Les chais urbains participent de plus en plus à la réinvention non seulement du monde du vin, mais de l’organisation de l’espace de nos villes et en particulier des anciennes zones industrielles. Souvent le fait de néo-vinificateurs, aussi passionnés qu’autodidactes, ils sont le lieu de toutes les expérimentations tandis que leur petite échelle offre le loisir d’une approche artisanale souvent très exigeante (moins de sulfites, bio, biodynamie…). A Reims, Laure et Fabrice Renaud viennent tout juste de se lancer dans l’aventure.

Faire fi des appellations pour libérer la créativité, c’est le pari de Laure et Fabrice Renaud qui viennent d’aménager un « Chai urbain » à Bétheny, juste à côté de Reims. Un concept venu des Etats-Unis qui consiste à rapprocher le lieu de production du consommateur et qui permet à des non-vignerons (on sait toute la difficulté d’acquérir des vignes), d’avoir le plaisir de pouvoir malgré tout élaborer leurs propres cuvées en achetant des raisins issus de différentes régions. De fait, pour Laure qui travaillait à la communication du champagne Pannier et Fabrice, caviste de profession (il a ouvert le magasin CQFD à Champigny), sans être œnologues, passer de l’autre côté de la barrière était un rêve caressé depuis longtemps. L’investissement de départ compris entre 20.000 et 30.000 euros rendait ce projet accessible.
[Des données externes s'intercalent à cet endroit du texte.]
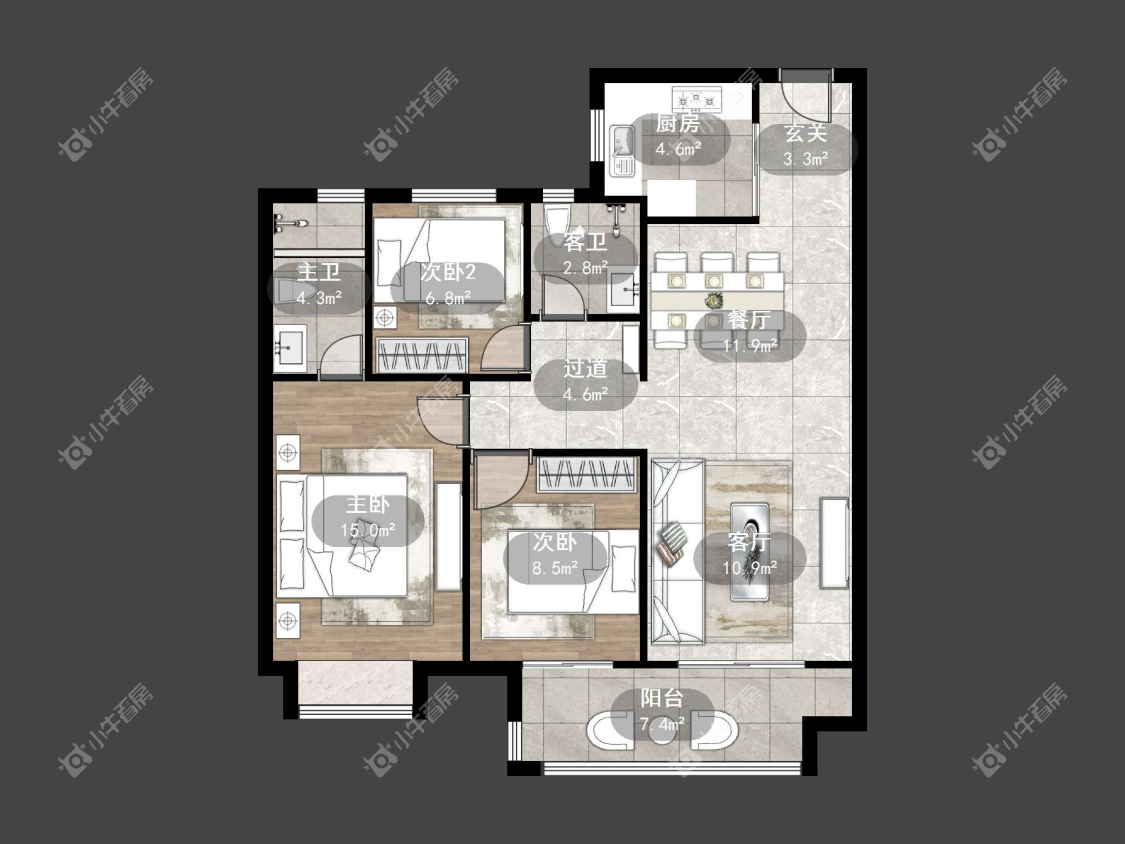 镇江融创华南映在售二手房源户型图_小牛看房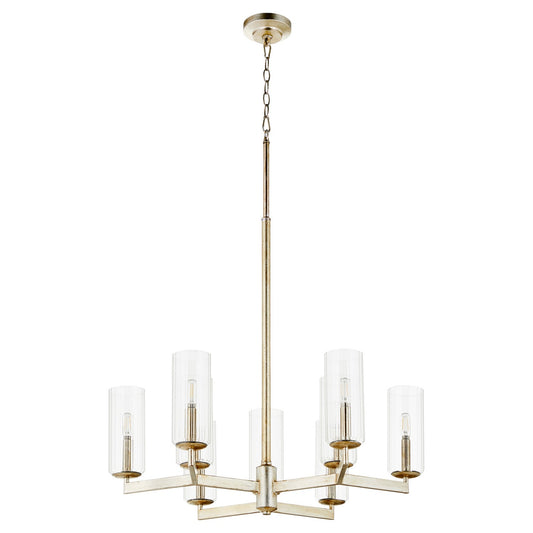 Quorum - 674-9-60 - Nine Light Chandelier - Merrick - Aged Silver Leaf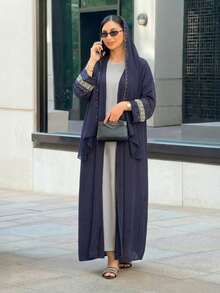 Glamorous Rhinestone & Beaded Robe With Rhinestone Chiffon Headscarf - Dark Blue - View 3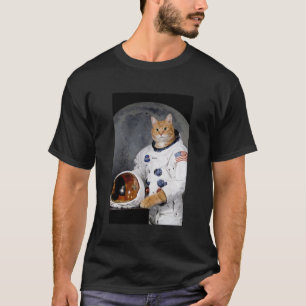 Grappige kat Motief. Astronaut kat in het zwarte s T-shirt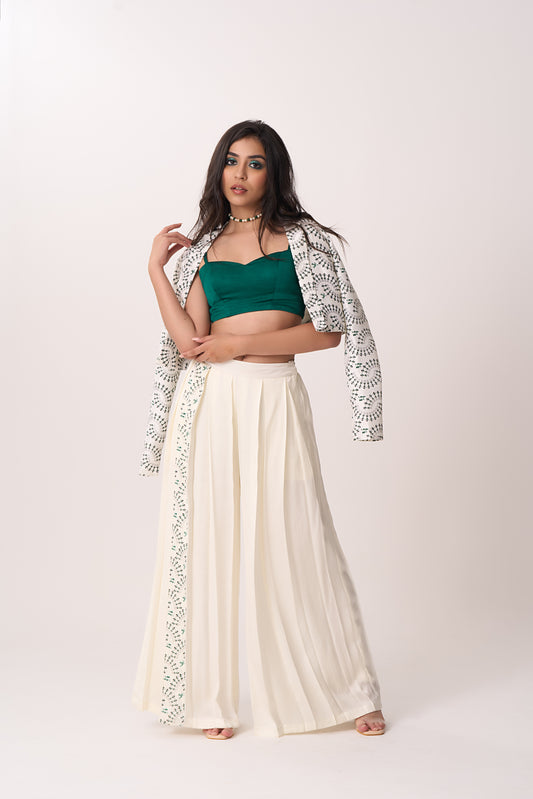 Warli Printed Three Piece Co-ord Set Green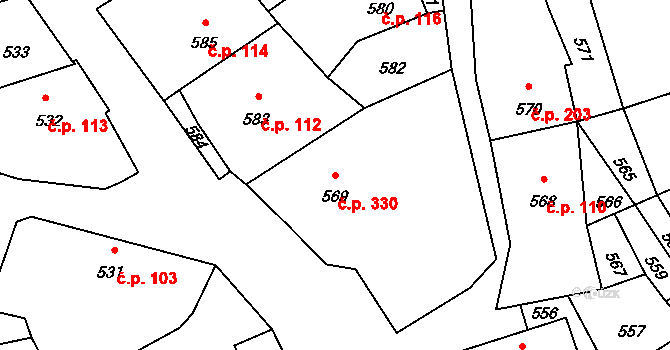 Stonařov 330 na parcele st. 569/4 v KÚ Stonařov, Katastrální mapa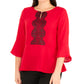 Blusa peplum feminina NY Collection com manga sino 3/4, vermelha, tamanho pequeno grande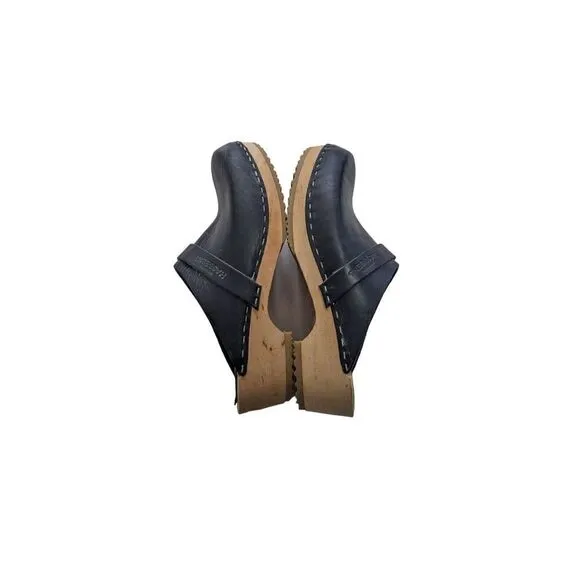 Swedish Hasbeens 37 Husband Clogs Black Mule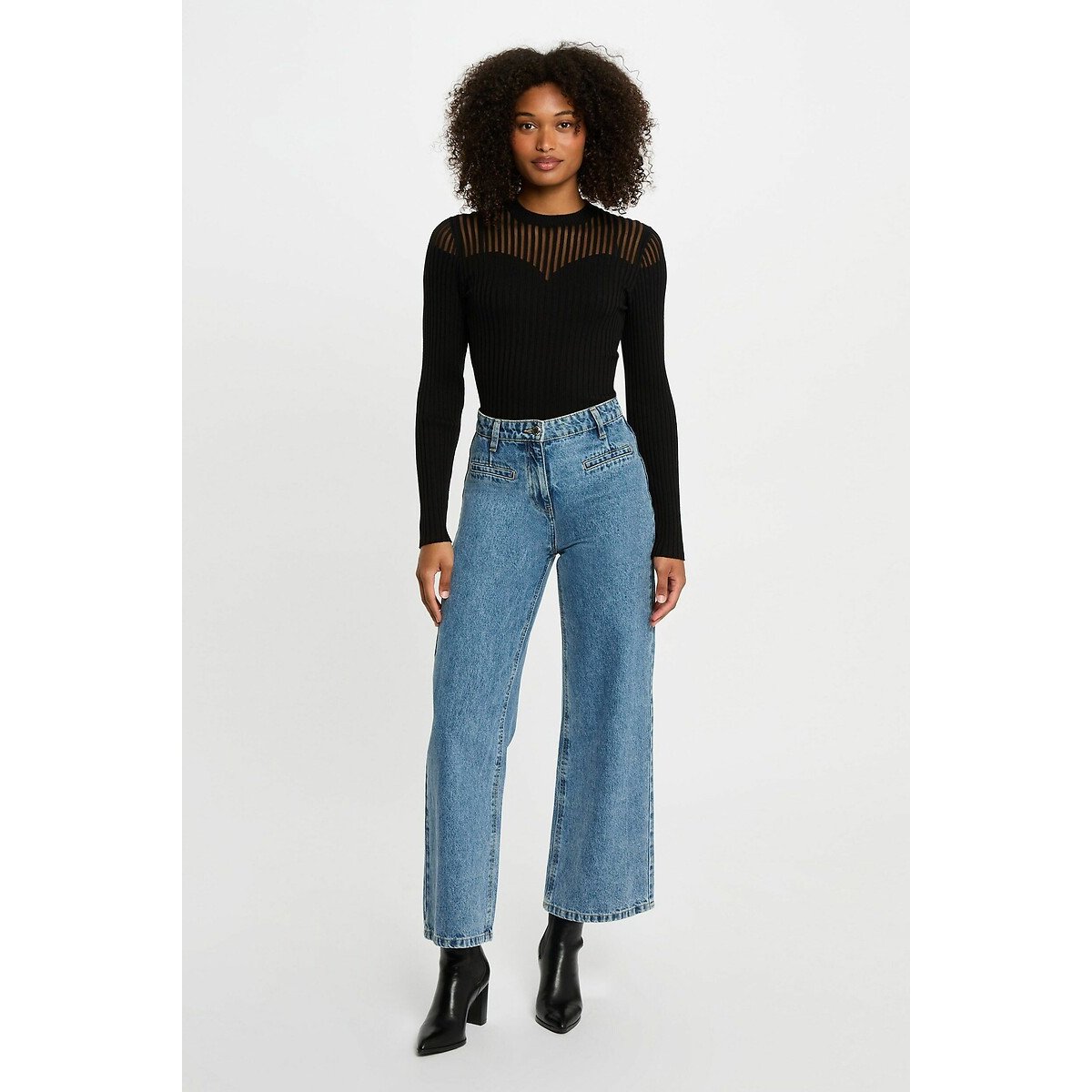 Pull manches longues noir, MORGAN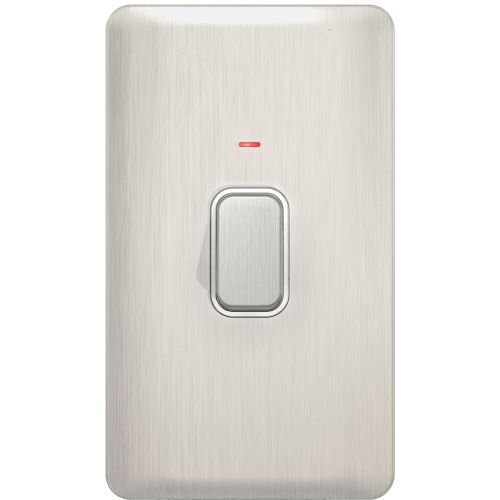 SCHNEIDER LISSE SCREWLESS BRUSHED CHROME 2G 45A DP SWITCH WHITE INSERT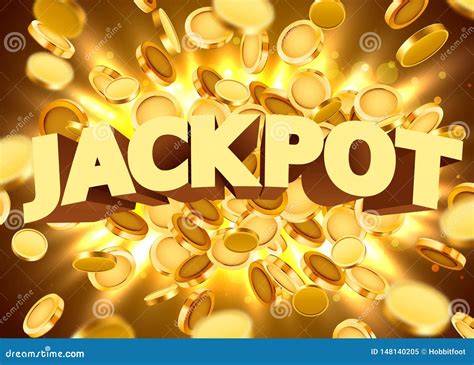 Jackpot Sign With Gold Realistic 3d Coins Background Stock Vector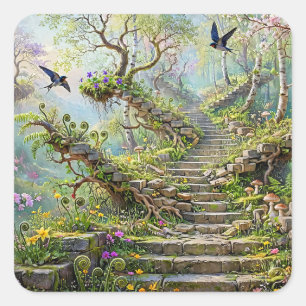 Surreal Springtime Stairway Swallows Wildflowers Square Sticker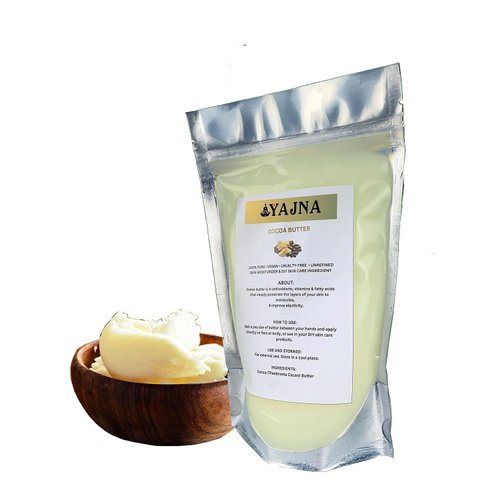 Yajna Organic Raw Cocoa Butter 100% Pure,Natural & Unrefined| Skin Moisturizer For Face, Body & Hair| 4 OZ/115 GM Ivory/White Grade A | DIY Creams, Balms, Lotions, Soaps| Softens Dry & Tough Skin
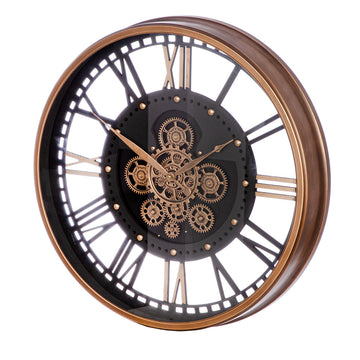 Wanduhr – Kupfer Oberfläche, Zahnrad Design, Runde Form | Gilde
L’adresse est en elle-même tout un symbole, puisque la cuverie se situe à l’intérieur des anciens Docks rémois. Une entreprise créée en 1887, surfant sur une innovation toute champenoise, celle des premiers magasins à succursales (Goulet Turpin, les Comptoirs français…). Les Docks rémois alimentaient ainsi des commerces de détail portant l’enseigne « Familistère » (jusqu’à 869 boutiques disséminées dans quatorze départements !). Cette centrale d’achat permettait de réduire les coûts, en achetant en gros les différentes denrées, et en se chargeant parfois de les transformer. Dans les entrepôts des Docks rémois, on torréfiait par exemple le café, et de 1900 à 1960, on élaborait déjà du vin !

Dans cette nouvelle cuverie, Laure et son mari vinifient des raisins qu’ils sont allés cueillir eux-mêmes chez des vignerons de la vallée du Rhône et de Provence « Il s’agit de raisins déclassés issus de parcelles certifiées en viticulture biologique. Nous les avons transportés jusqu’à Reims par camion frigorifique. Là, ils ont été pressés sur notre pressoir traditionnel et vinifiés dans des cuves très modernes de forme ovoïdale permettant un certain mouvement du vin et davantage d’échanges avec les lies. Construites en polymères, leur porosité permet aussi d’obtenir la même micro-oxygénation que des barriques de trois ans. Nous n’avons ajouté aucun sulfite, sauf une toute petite dose au tirage. Les premières cuvées issues de cette vendange 2021 sortiront fin mars, début avril. Elles ne sont pas destinées à vieillir, ce que nous recherchons d’abord c’est le fruit. Les vignerons qui ont accepté de nous suivre étaient curieux de voir ce que d’autres pouvaient faire avec leur raisin. Ils ont adhéré à notre démarche. Nous les connaissions depuis longtemps, via l’activité de caviste de mon mari. »

L’idée est de produire des cuvées éphémères, toujours expérimentales, en assemblant par exemple au besoin les différentes régions et les différents cépages. Si cette année la vallée du Rhône et la Provence sont à l’honneur avec du cinsault, du mourvèdre, du muscat, du viognier, et du grenache, l’origine des crus devrait varier à l’avenir, d’autant qu’initialement le couple pensait s’approvisionner plutôt dans les régions limitrophes de la Champagne sur les Côtes de Toul, l’Alsace et la Bourgogne… Malheureusement, les conditions climatiques désastreuses de 2021 n’ont pas permis aux vignerons qu’ils avaient contacté là-bas d’avoir suffisamment de raisin pour les approvisionner.